═══ RAW DATA ═══
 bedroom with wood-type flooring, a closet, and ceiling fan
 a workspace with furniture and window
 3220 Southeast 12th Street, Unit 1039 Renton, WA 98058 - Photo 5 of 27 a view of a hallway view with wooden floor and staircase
═══
= EXERCISE DETAILS =
Write out every line of the data exactly, leaving nothing out.

= OUTPUT FOR THIS EXERCISE =
 bedroom with wood-type flooring, a closet, and ceiling fan
 a workspace with furniture and window
 3220 Southeast 12th Street, Unit 1039 Renton, WA 98058 - Photo 5 of 27 a view of a hallway view with wooden floor and staircase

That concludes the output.